«La visione di Obama di una pace globale in Medio Oriente si sgretola»

di Agnes Rotivel
da «La Croix» (Traduzione di Paola Robino Rizet per Osservatorio Iraq)

Rashid Khalidi è uno storico, titolare della cattedra Edward-Said alla Columbia University e direttore del centro di studi sul Medio Oriente. L’accademico americano di origine palestinese ritiene che la nuova amministrazione ha compiuto un errore strategico focalizzandosi sulla colonizzazione israeliana nei Territori palestinesi.

Il negoziatore americano George Mitchell è da domenica in Medio Oriente. Da mesi, l’amministrazione Obama tenta di ottenere il congelamento delle colonie. Riuscirà nel suo intento?
Rashid Khalidi: non credo che il governo israeliano interromperà il processo di colonizzazione. Ha annunciato che continuerà ad erigere nuove costruzioni a Gerusalemme Est e nelle colonie della Cisgiordania. Prima ancora dell’arrivo in Israele di George Mitchell il governo di Benyamin Netanyahou era deciso a continuare su questa strada.
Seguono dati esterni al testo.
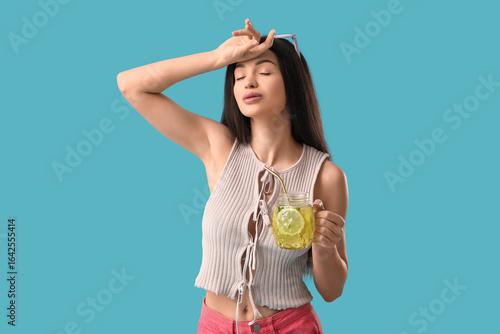 Beautiful young tired woman...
La maggioranza dei partiti della coalizione di governo è persuasa della necessità della colonizzazione.

Il governo americano ha adottato una buona strategia?
E’ stato un errore concentrare tutti gli sforzi sulla colonizzazione, senza mettere l’accento su altri punti, quali la fine dell’occupazione, la rimozione dei blocchi e dei check point. In questa maniera, gli israeliani non metteranno tutte le loro energie per impegnarsi contro la richiesta di Obama. Bisogna riconoscere che l’ascesa al potere di una nuova coalizione orientata molto più a destra che in passato ha complicato il compito di Obama. Solo la caduta del governo di Netanyahou consentirebbe di ottenere il congelamento delle colonie.
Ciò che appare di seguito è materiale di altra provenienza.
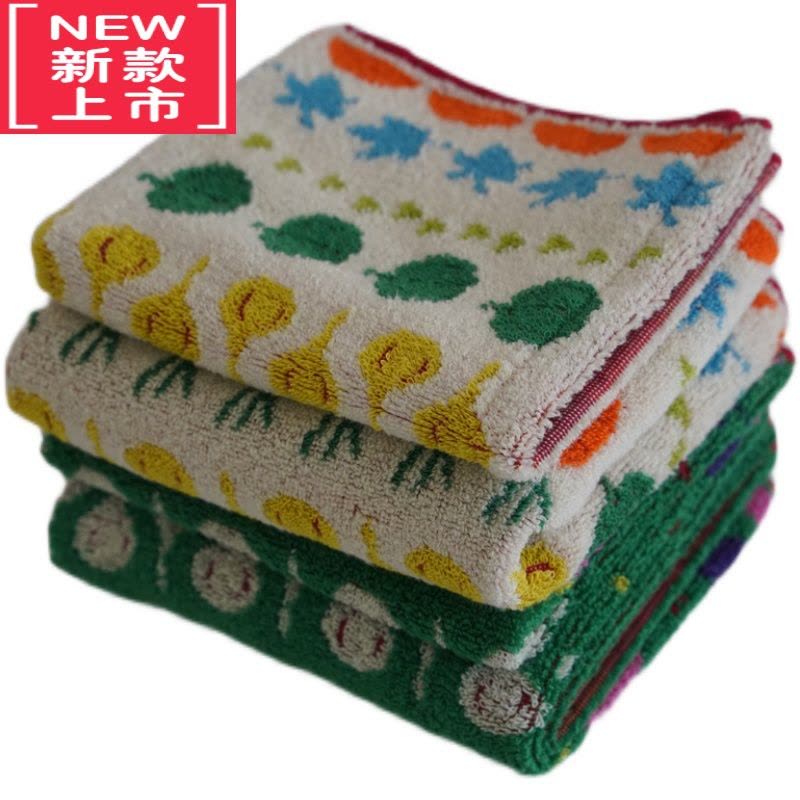 可莉允可爱蔬菜儿童毛巾洗脸面巾浴巾夏季吸水洗澡巾长绒棉方巾图片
Il presidente Obama ha compreso il suo errore ?
Se il presidente e George Mitchell cedono proprio adesso sulla colonizzazione, Benyamin Netanyahou e la destra israeliana avranno vinto, fatto non positivo per l’immagine degli Stati Uniti. Al contempo, se Obama intende rilanciare i negoziati è necessario che intensifichi la pressione sugli israeliani. Può farlo.

Come ?
Esistono diverse opzioni. Gli Usa potrebbero riconoscere, per esempio, uno Stato palestinese dotato per due anni di frontiere provvisorie, in attesa di una soluzione definitiva. Oppure potrebbero dichiarare apertamente che se le due parti non giungeranno ad un accordo entro una data precisa, la questione sarà presentata al Consiglio di sicurezza delle Nazioni Unite. Bisogna assolutamente intensificare gli sforzi su questa questione.
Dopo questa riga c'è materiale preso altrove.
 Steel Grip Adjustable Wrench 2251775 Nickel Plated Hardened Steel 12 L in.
L’equipe di Barack Obama è più obiettiva sulla questione di quella di George W. Bush ?
Il processo di nomina in seno all’amministrazione è complesso e interminabile. Molti posti sono ancora vacanti. Al dipartimento di Stato, per esempio, la squadra non è ancora al completo. L’amministrazione conta al suo interno membri pro-Israele. Quali Dennis Ross, membro del Consiglio nazionale di sicurezza, incaricato delle questioni di sicurezza presso la Casa Bianca, e il segretario di Stato Hillary Clinton. Tuttavia, non bisogna dimenticare che ciò che conta nel sistema americano è la volontà del presidente.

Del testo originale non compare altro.